The FDA-cleared device assists therapists in the treatment of the major depressive disorder (MDD) by reporting the size of finger movements during motor threshold (MT) mapping.

Neuronetics said D-Tect also allows the MT determination to be performed by only one person and can be integrated across all NeuroStar systems.

According to the firm, a restricted commercial launch will be used to introduce the D-Tect MT Accessory at first, with a nationwide rollout starting in mid-September.

Additionally, NeuroStar University, which recently opened in Charlotte, North Carolina, will train practitioners on the new product.

Neuronetics R&D and Clinical VP Cory Anderson said: “The FDA clearance for the D-Tect MT Accessory is the next chapter in our plan to simplify and accelerate the MT determination for NeuroStar providers.

“This product aids physicians as they determine the treatment location and treatment level for new patients, and we’re excited to announce that this patent-pending technology is compatible with all new and existing NeuroStar systems.”

The D-Tect MT Accessory does not need to have any cords or sensors attached to the patient to detect movement in three different locations of the hand.
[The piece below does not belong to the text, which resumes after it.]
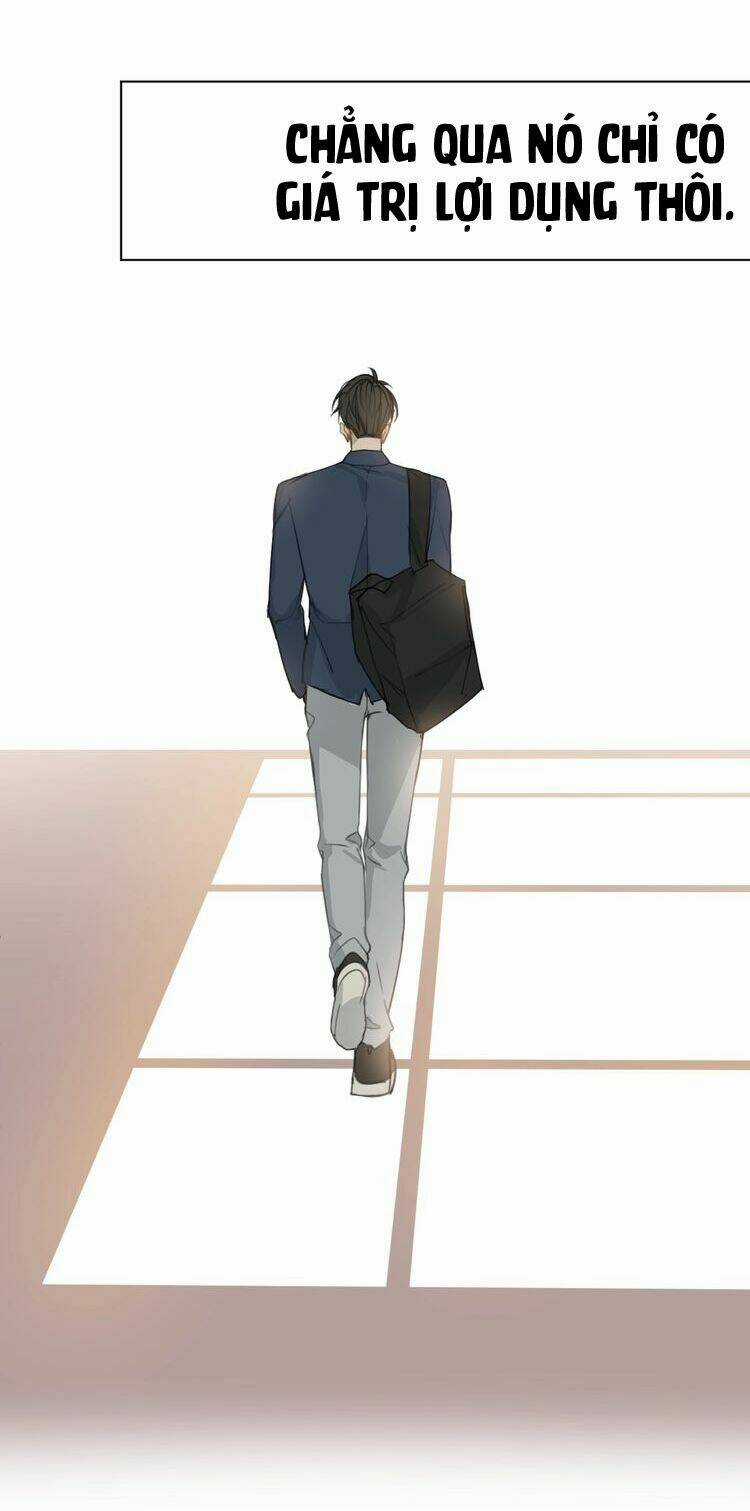 Xúc Bất Khả Cập - Chapter 5 - Trang 46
Compared to the present visual method, this speeds the process and gives the doctor more information, such as a comparison of the response to the current and prior pulses.

The D-Tect MT Accessory completes NeuroStar’s Fast MT and MT Cap breakthroughs, completing the motor threshold determination process and providing doctors with an average time savings of 40%.

In July this year, the company received clearance from the US FDA for NeuroStar Advanced Therapy made for the treatment of anxious depression.